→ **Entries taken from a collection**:
----------------

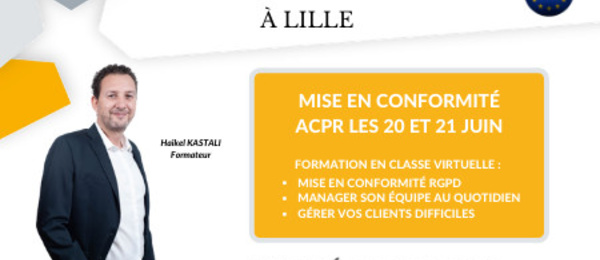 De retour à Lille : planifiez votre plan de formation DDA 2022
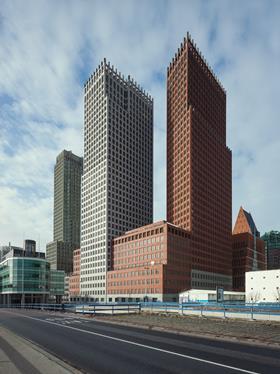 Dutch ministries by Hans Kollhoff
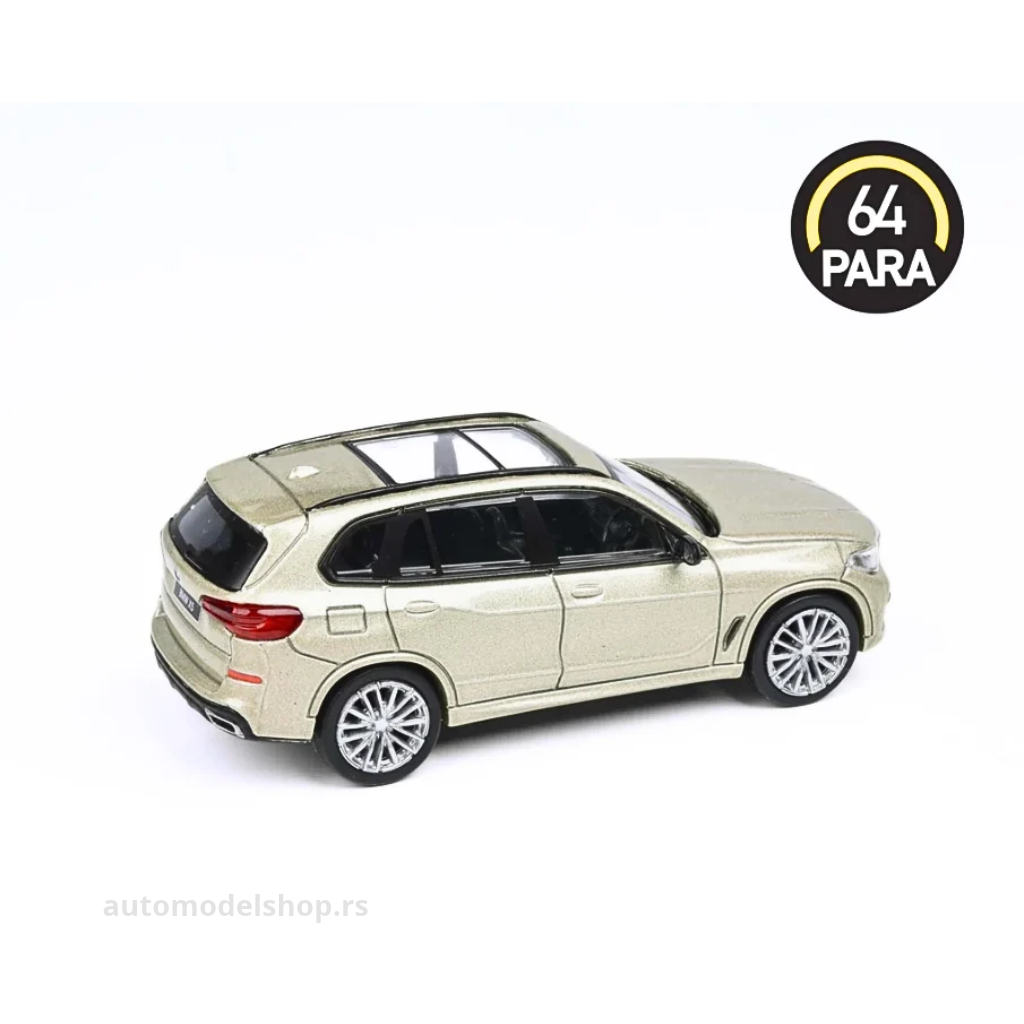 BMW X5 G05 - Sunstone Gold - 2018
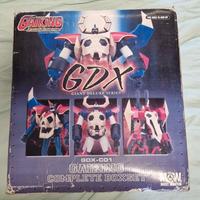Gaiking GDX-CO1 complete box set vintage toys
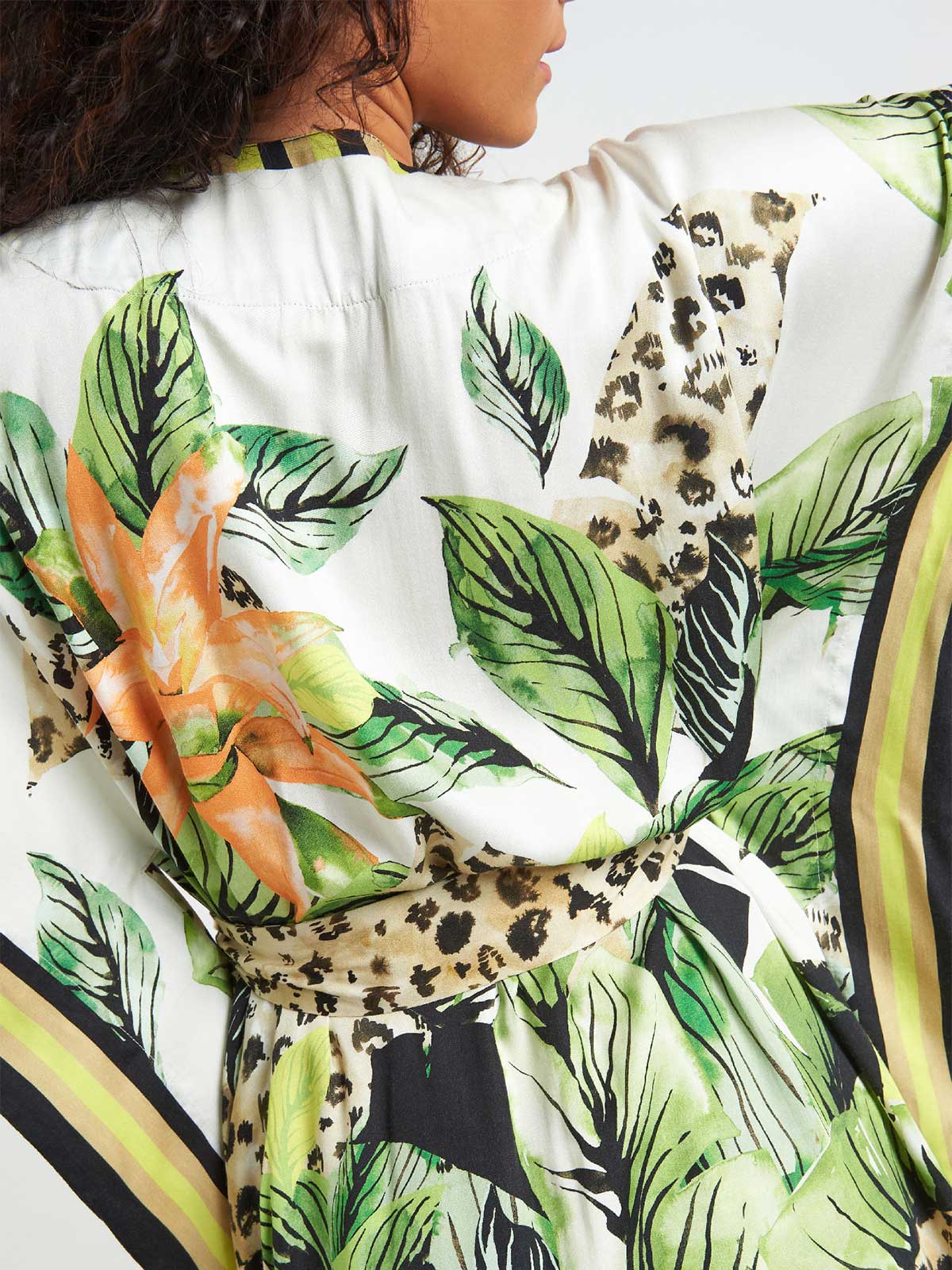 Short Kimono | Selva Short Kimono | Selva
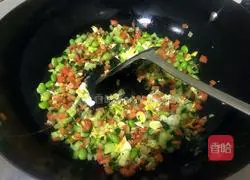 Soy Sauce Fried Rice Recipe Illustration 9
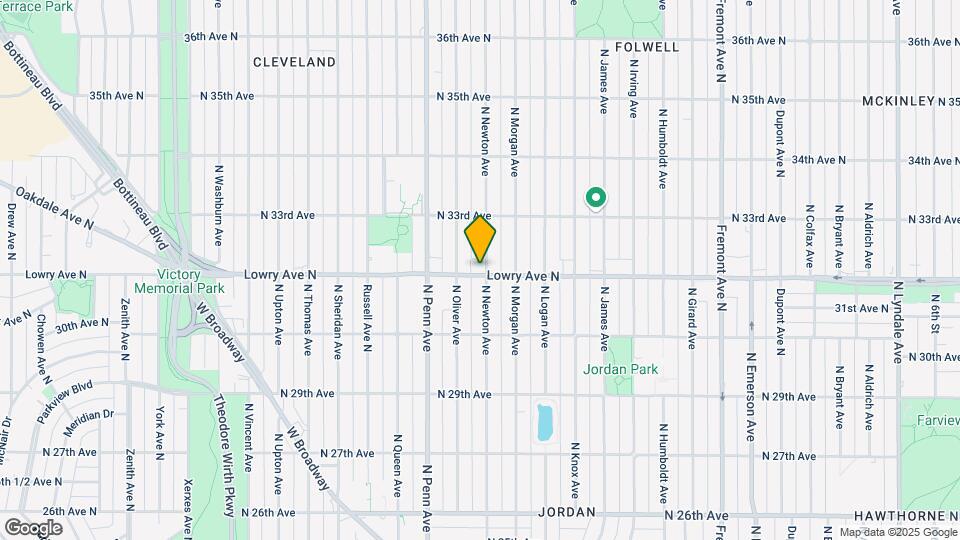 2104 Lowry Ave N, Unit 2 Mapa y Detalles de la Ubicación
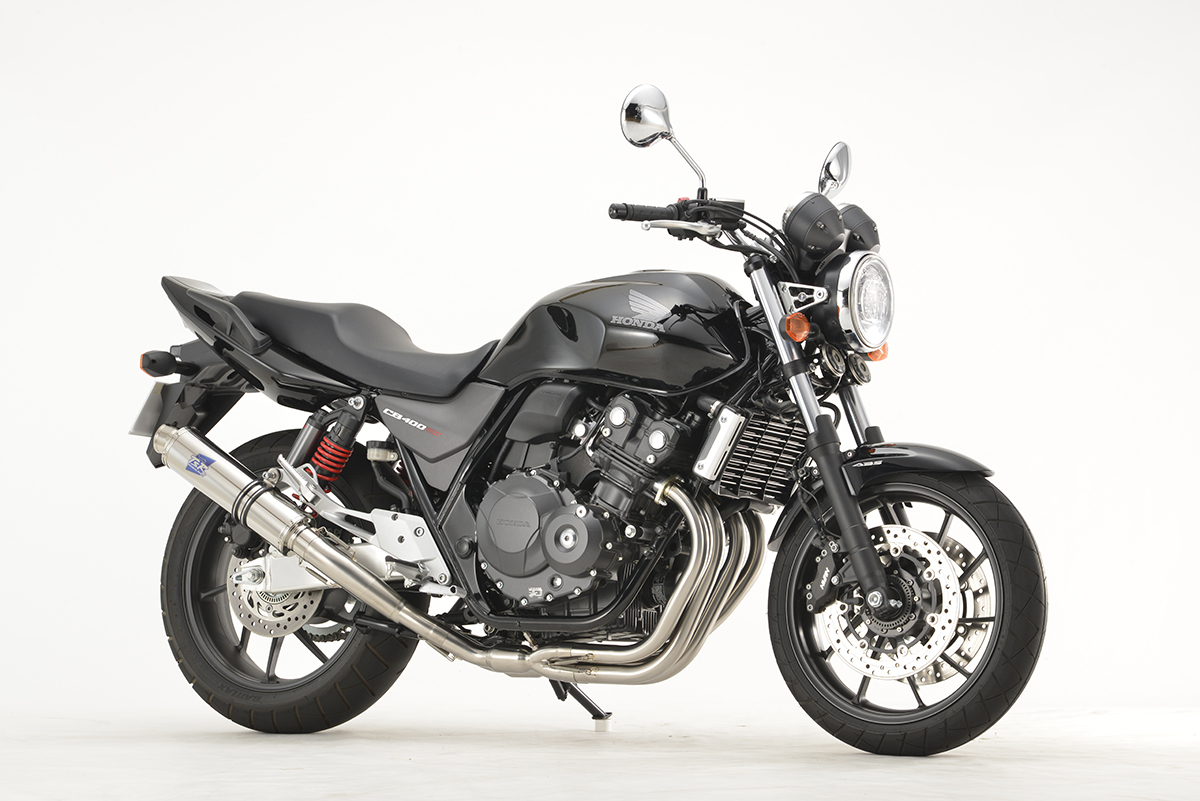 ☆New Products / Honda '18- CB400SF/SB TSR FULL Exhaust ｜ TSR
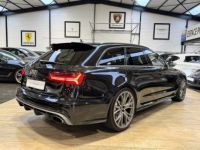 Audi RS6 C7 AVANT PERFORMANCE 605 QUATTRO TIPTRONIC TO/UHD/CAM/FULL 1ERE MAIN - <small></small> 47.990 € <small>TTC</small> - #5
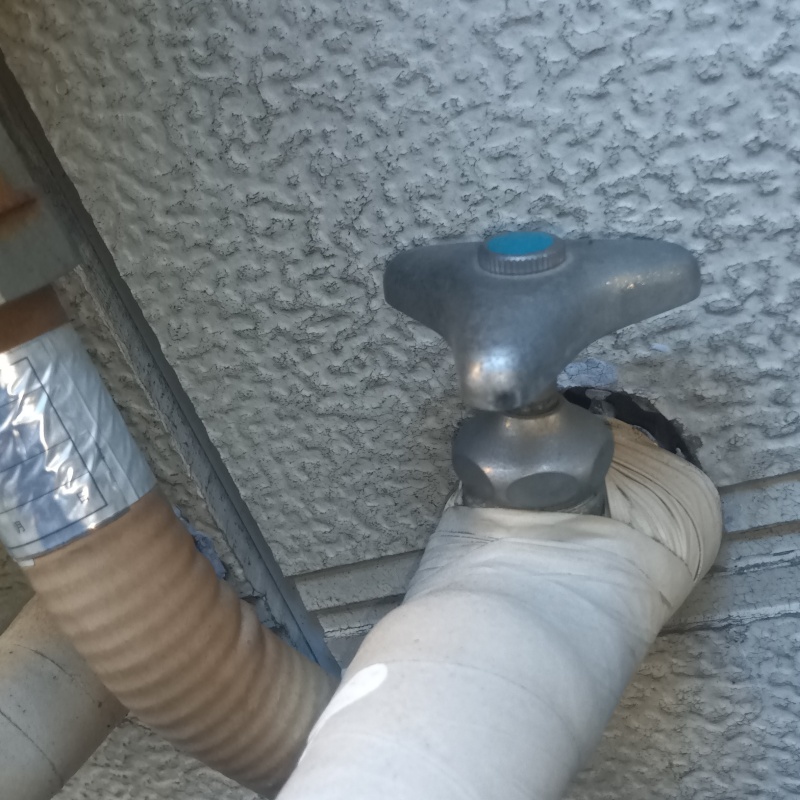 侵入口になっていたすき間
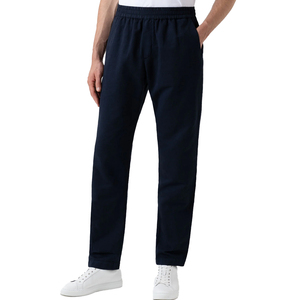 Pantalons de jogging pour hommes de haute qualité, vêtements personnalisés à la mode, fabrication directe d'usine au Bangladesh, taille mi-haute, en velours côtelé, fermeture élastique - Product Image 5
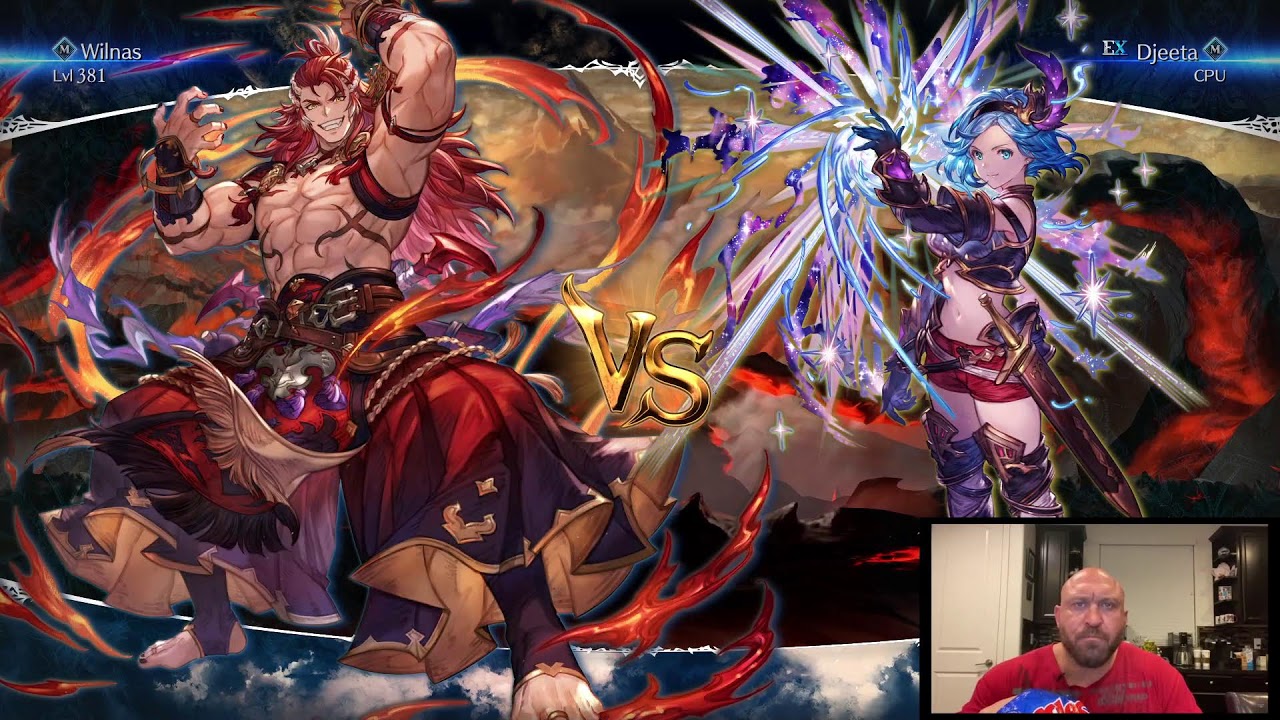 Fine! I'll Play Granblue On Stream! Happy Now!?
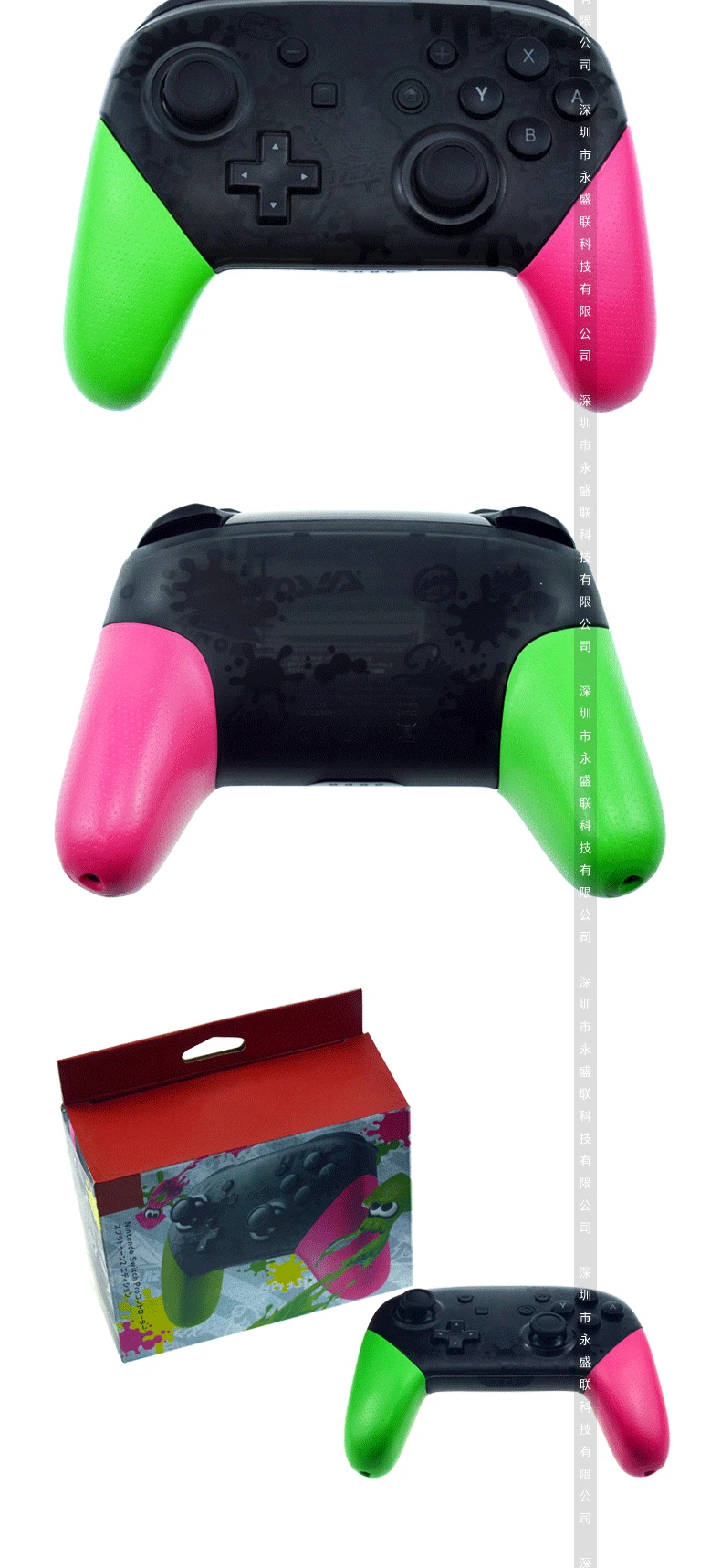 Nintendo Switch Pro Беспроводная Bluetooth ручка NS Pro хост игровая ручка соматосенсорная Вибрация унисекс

----------------

→ **Instructions for the task**:
Your output should be only the lines from the line with "Gaiking GDX-CO1 complete box set vintage toys" through the end of the data, exactly as they stand, and no pictures.

→ **Response for this exercise**:
Gaiking GDX-CO1 complete box set vintage toys
 Short Kimono | Selva Short Kimono | Selva
 Soy Sauce Fried Rice Recipe Illustration 9
 2104 Lowry Ave N, Unit 2 Mapa y Detalles de la Ubicación
 ☆New Products / Honda '18- CB400SF/SB TSR FULL Exhaust ｜ TSR
 Audi RS6 C7 AVANT PERFORMANCE 605 QUATTRO TIPTRONIC TO/UHD/CAM/FULL 1ERE MAIN - <small></small> 47.990 € <small>TTC</small> - #5
 侵入口になっていたすき間
 Pantalons de jogging pour hommes de haute qualité, vêtements personnalisés à la mode, fabrication directe d'usine au Bangladesh, taille mi-haute, en velours côtelé, fermeture élastique - Product Image 5
 Fine! I'll Play Granblue On Stream! Happy Now!?
 Nintendo Switch Pro Беспроводная Bluetooth ручка NS Pro хост игровая ручка соматосенсорная Вибрация унисекс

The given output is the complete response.